The more significant scientific contributions of Francis Johnson
have been in three areas, namely stereochemistry, the structure
and synthesis of natural products and the chemistry of DNA
damage and repair. In the field of molecular structure, Dr. Johnson
advanced a theory of conformational behavior of unsaturated
compounds called “Allylic Strain” that covers many areas of chemistry and biology. The principal
review article describing these ideas is one of the most quoted papers in the organic chemical
literature. In area of natural products, Dr. Johnson is best known for his work on the glutarimide
antibiotics such as cycloheximide, the antitumor anthracyclines, thermorubin, avenaciolide, the
prostaglandins and bleomycin. In the course of this work two new reactions were discovered,
one involving the anionic rearrangement of aryl acetylenic ethers and the other, a new type of
condensation reaction between alkyl benzoates and benzyl cyanides, substances that have
been known for more than 150 years---new chemistry from ancient compounds. Dr. Johnson is
the author or co-author of more than three-hundred publications in peer-reviewed journals.
However, DNA damage and its repair have occupied much of the time that he has spent at
Stony Brook. In this area his efforts have been devoted mainly to the synthesis of abnormal
DNA nucleosides (xenonucleosides) that represent either xenobiotic, oxidative, or radiation
damage. He first introduced the now popular “tetrahydrofuran” as a stable abasic site model and
demonstrated the use of the “carba” nucleosides as non-hydrolysable substrates for DNA repair
enzymes especially those associated with oxidative damage. Dr. Johnson was also the first to
devise general totally synthetic methods for the site-specific introduction into DNA, of the
damage caused by a) the unsaturated aldehydes such as acrolein, b) the carcinogenic amines
including the food mutagen PhIP, and c) the polyaromatic hydrocarbons(PAHs), specifically the
most carcinogenic metabolites of benzo[a] pyrene – the principle pro-carcinogen in tobacco
smoke.
More recently his research has focused on the highly nephrotoxic and carcinogenic Aristolochic
Acids (AAs). These are naturally-occurring plant substances, found in many herbal products
that have been in use for thousands of years. Recently it has been recognized that their chronic
use leads to death by kidney failure and/or cancer development. Both of the DNA adducts
formed by AAII have been synthesized and introduced into oligomeric DNA in his laboratory, for
biological studies by other team members. In addition, a general method of synthesis of these
substances and their metabolic products has been developed.

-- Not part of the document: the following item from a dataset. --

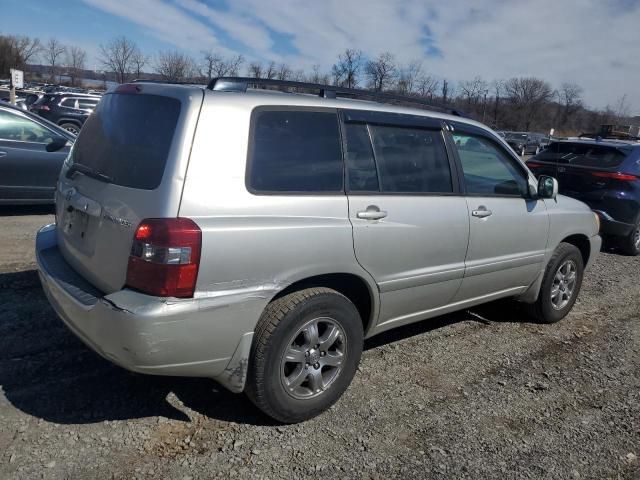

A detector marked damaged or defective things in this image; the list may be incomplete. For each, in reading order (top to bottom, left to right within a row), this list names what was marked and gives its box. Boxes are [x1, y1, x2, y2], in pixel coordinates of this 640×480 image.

He is he co-founder (with Dr. Ramesh Gupta) and president, of Chem-Master International Inc.,
a company that serves the synthetic interests of pharmaceutical companies and academic
scientists who work at the interfaces of Chemistry, Biology and Medicine. Recently the
Company has expanded into the area of drug development. One of these, where the IP is
shared with Stony Brook University (major collaborator Dr. Lorne M. Golub), involves a series of
non-toxic drug substances that inhibits diseases of collagen loss such as periodontitis,
osteoarthritis and wounds. This is an exciting area because it deals mainly with aging and
associated diseases and has the potential to slow disease development later in life.